# [TASK]
Repeat the records below exactly, leaving out every picture.

(Short descriptive text snippets)
*** Block opens ***
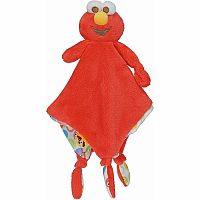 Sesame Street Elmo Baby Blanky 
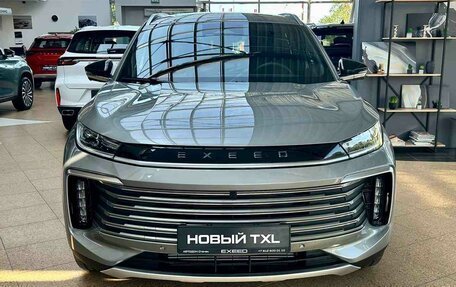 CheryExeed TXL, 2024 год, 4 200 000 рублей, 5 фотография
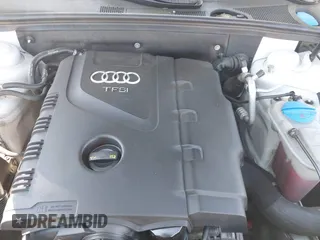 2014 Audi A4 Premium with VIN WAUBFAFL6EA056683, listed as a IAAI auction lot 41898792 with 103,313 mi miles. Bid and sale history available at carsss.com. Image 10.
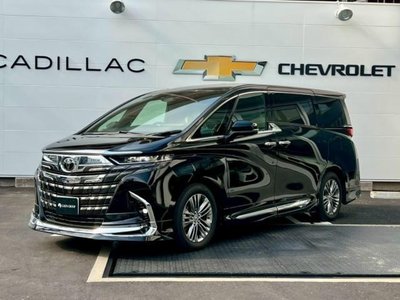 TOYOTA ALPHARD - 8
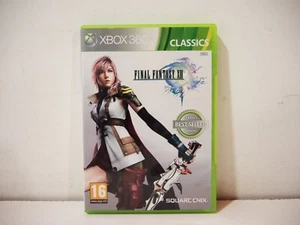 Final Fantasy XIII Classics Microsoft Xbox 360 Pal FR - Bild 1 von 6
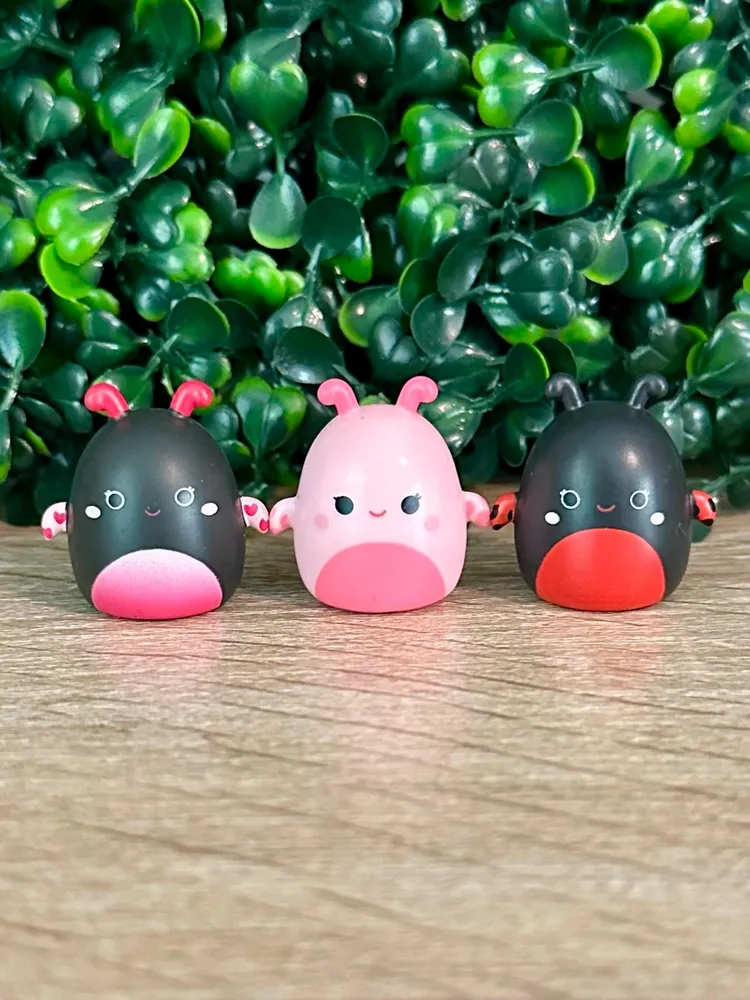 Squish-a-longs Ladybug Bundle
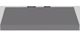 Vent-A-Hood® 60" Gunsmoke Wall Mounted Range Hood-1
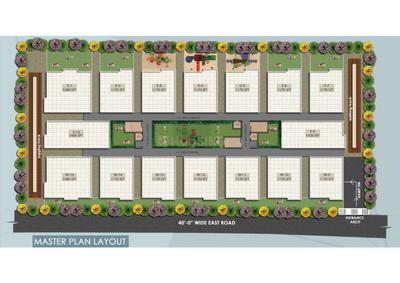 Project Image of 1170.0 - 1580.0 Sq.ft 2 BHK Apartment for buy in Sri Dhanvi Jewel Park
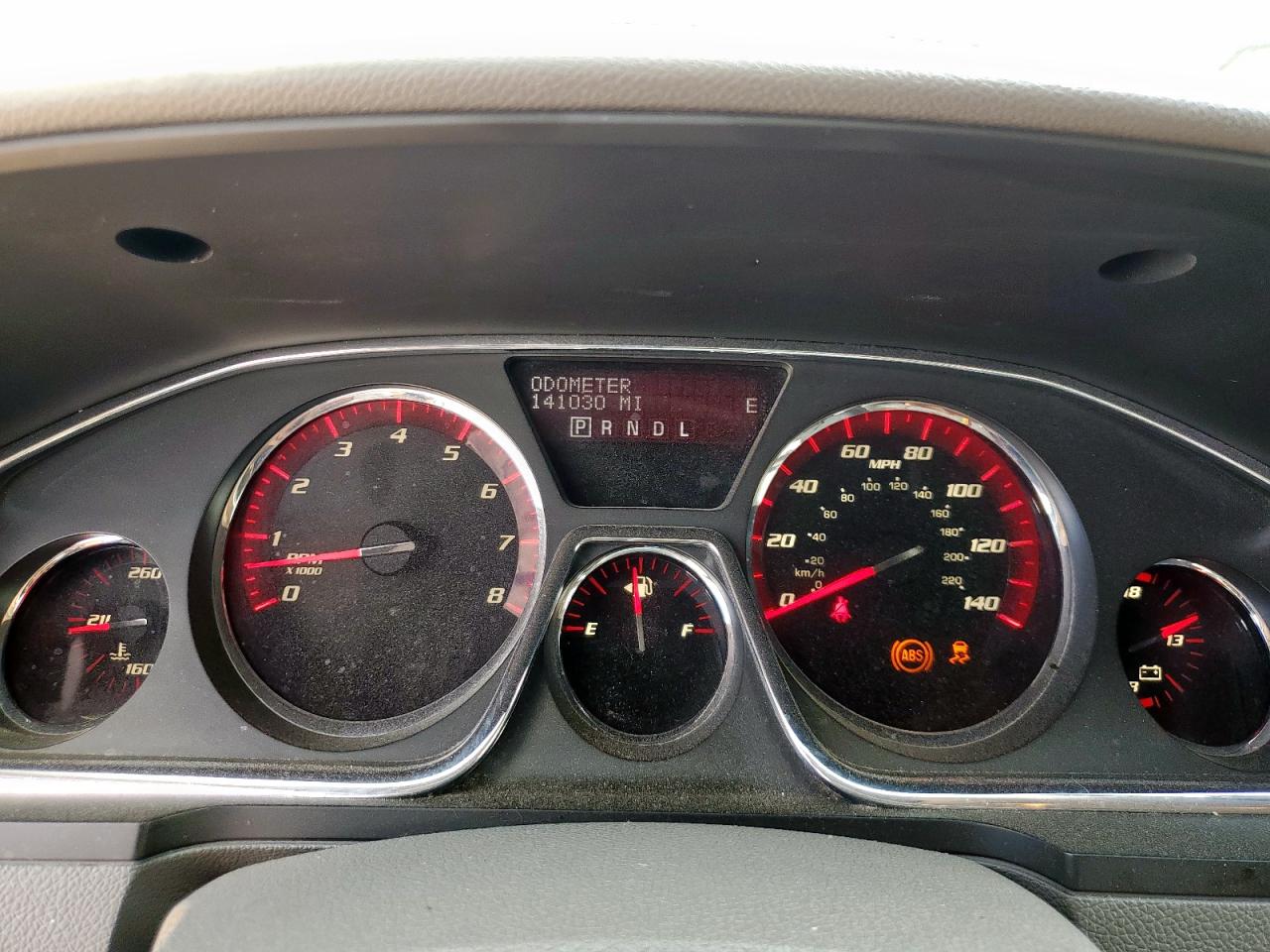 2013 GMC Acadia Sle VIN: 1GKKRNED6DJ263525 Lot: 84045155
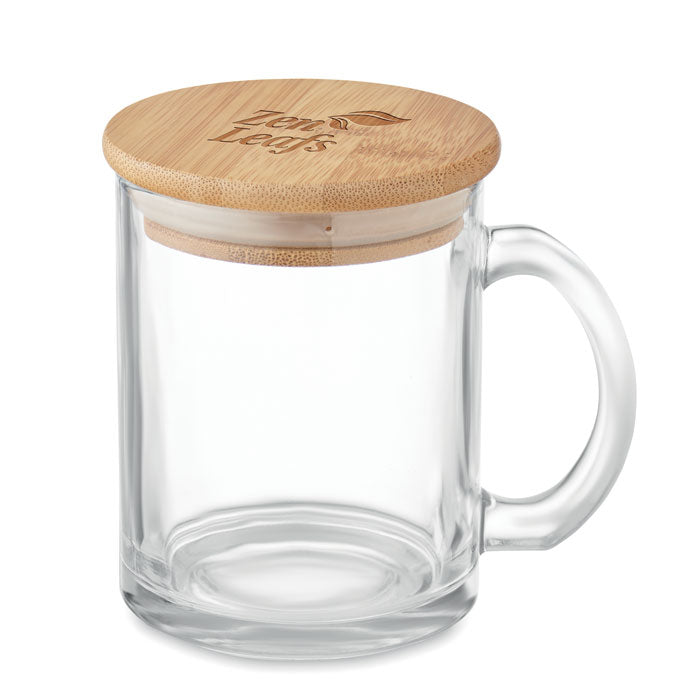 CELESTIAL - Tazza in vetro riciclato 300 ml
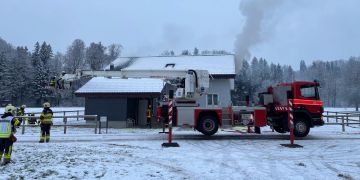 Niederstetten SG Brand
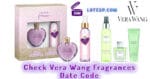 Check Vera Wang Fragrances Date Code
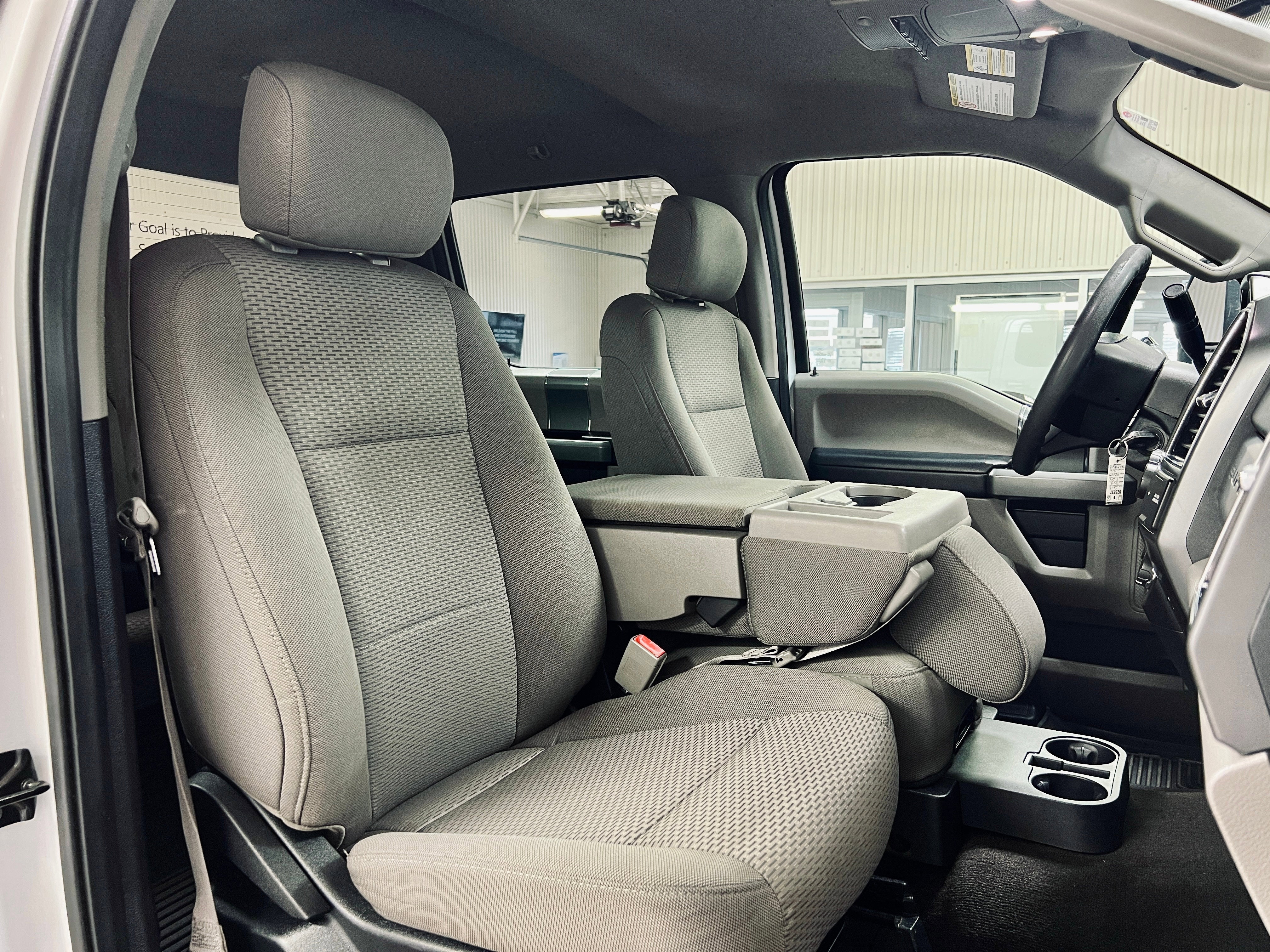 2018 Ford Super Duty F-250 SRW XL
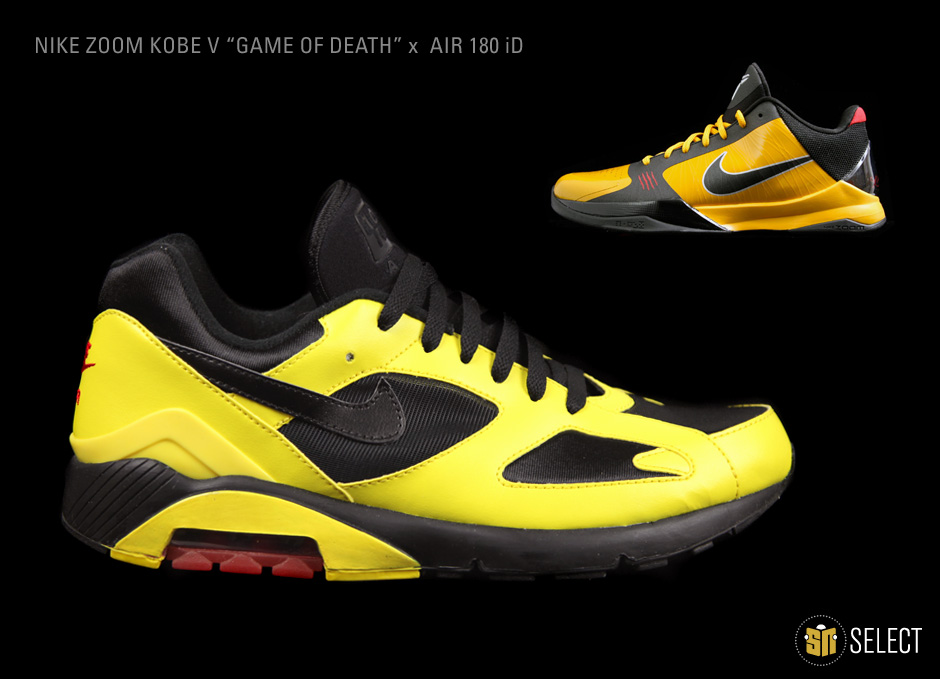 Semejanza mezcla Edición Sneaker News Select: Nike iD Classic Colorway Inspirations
*** Block closes ***
# [EXERCISE RESULT]
 Sesame Street Elmo Baby Blanky 
 CheryExeed TXL, 2024 год, 4 200 000 рублей, 5 фотография
 2014 Audi A4 Premium with VIN WAUBFAFL6EA056683, listed as a IAAI auction lot 41898792 with 103,313 mi miles. Bid and sale history available at carsss.com. Image 10.
 TOYOTA ALPHARD - 8
 Final Fantasy XIII Classics Microsoft Xbox 360 Pal FR - Bild 1 von 6
 Squish-a-longs Ladybug Bundle
 Vent-A-Hood® 60" Gunsmoke Wall Mounted Range Hood-1
 Project Image of 1170.0 - 1580.0 Sq.ft 2 BHK Apartment for buy in Sri Dhanvi Jewel Park
 2013 GMC Acadia Sle VIN: 1GKKRNED6DJ263525 Lot: 84045155
 CELESTIAL - Tazza in vetro riciclato 300 ml
 Niederstetten SG Brand
 Check Vera Wang Fragrances Date Code
 2018 Ford Super Duty F-250 SRW XL
 Semejanza mezcla Edición Sneaker News Select: Nike iD Classic Colorway Inspirations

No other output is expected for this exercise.